Several Months Later

Craig would have to write proposals and prepare project plans, schedules, budgets, and stakeholder reports. Craig would be the prime interface between the clients and the company after contract award.

It was clear at this point that a large portion of the startup costs would be spent just on writing unsolicited proposals for work on electric-powered vehicles and batteries. Contracts had to be won before the startup funds were expended. The moment of truth was now at hand; Jason quit his job as a high school science teacher and started up his company.


The unsolicited proposals sent to automotive manufacturers went on deaf ears. Even though the cost of gasoline was increasing, the automotive manufacturers could not see any future in electric-powered vehicles. If necessary, they could also spend billions of dollars to compete with Jason’s company.

Government agencies were very interested in Jason’s ideas. Within three months, Jason’s company had received government contracts to convert some of the existing gas-powered government vehicles to electric-powered vehicles.

Jason and Craig were now drawing salaries in excess of $125,000 thanks to the government contracts. They rented a large warehouse and converted it into a facility where mechanics could work on cars. They also hired four licensed auto mechanics.

Life was good. Jason’s dream was coming true. His salary was three times his salary as a high school science teacher. He was rapidly paying off his $500,000 startup debt. The price of gasoline at the pumps was still rising and approaching $3 a gallon. The news media was discussing the need for electricpowered vehicles.
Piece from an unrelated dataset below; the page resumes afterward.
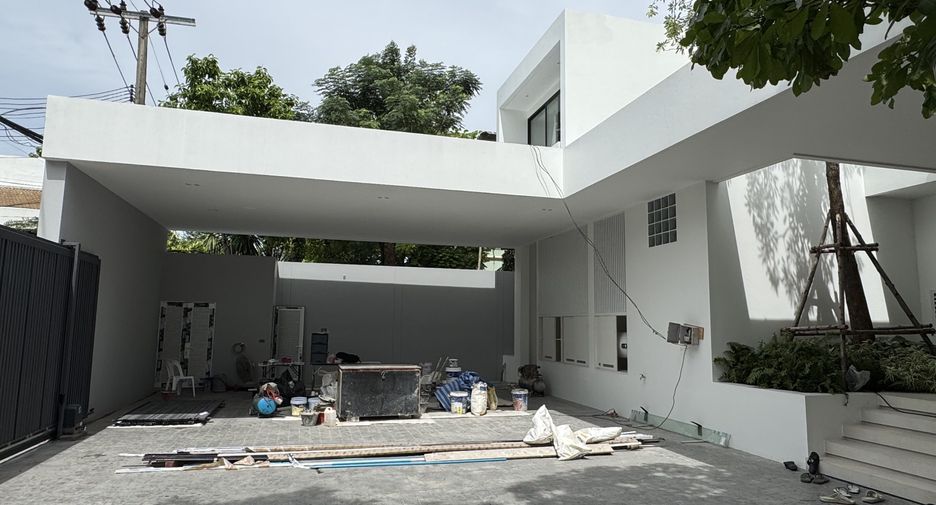 Haus zur Miete mit 4 Zimmer in Wang Thonglang, Bangkok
As the contracts with the government agencies began approaching the completion phase, Jason and Craig began writing unsolicited proposals for follow-on work. Gas prices appeared to have leveled off, but the news media was still selling the need for electric vehicles.
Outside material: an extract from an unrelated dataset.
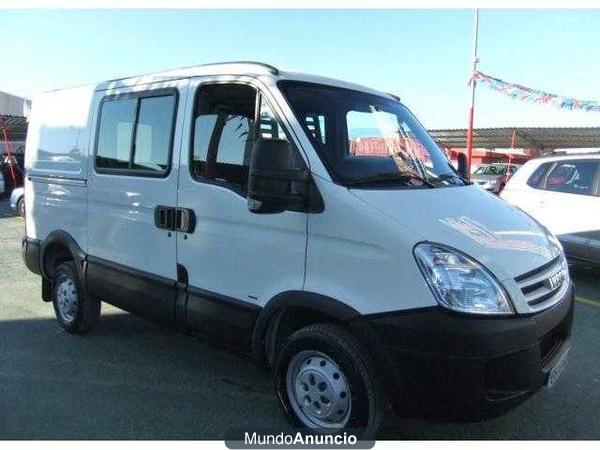 Iveco Daily 6 plazas 29L12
A large automobile manufacturer in the United States as well a battery manufacturer approached Jason about buying out his company. If Jason agreed to sell, then Jason, Craig, and possibly even the accountant could become instant millionaires overnight.

Craig and the accountant wanted to sell and take their winnings. But Jason was enamored of his title of “President” and drawing a salary three times what he


was earning as a high school science teacher. Craig tried to explain to Jason that the company had no real business plan and that living day to day is not good and, if the government failed to renew the contracts, the company would go under.

Jason refused to listen. Both the automotive manufacturer and the battery company told Jason that their offer was good for only one week. This was certainly not enough time to wait and see if the contracts would be renewed with the government. A decision had to be made.

Once again, Jason refused to consider selling the company. Craig and the accountant told Jason that they might consider legal action in trying to force him to sell, but without voting rights that would be a difficult case to win.

Jason informed the automotive manufacturer and the battery company that he had no intention of selling. Two weeks later, as Jason and his team were finishing up the government contracts, the government agencies announced that the contracts would not be renewed. Within a week, Jason’s company was out of business. Jason returned to teaching high school science and Craig fortunately was rehired by his previous employer.


  1. Was Jason right in wanting to start up his own company?
  2. Did Craig make a good decision in giving up a potential $150,000 salary as a project manager to work with Jason?
  3. How does a project manager convince executives that they (the executives) a remaking bad business decisions? How many clients did they have? Who were their competitors and what was the financial strength of their competition?
  4. If you were in Jason’s position, would you have sold the company? If so, what would you then do with your life?
  5. Is it true that some project managers put their careers at stake each time they take on a new project? Can we call this career risk management?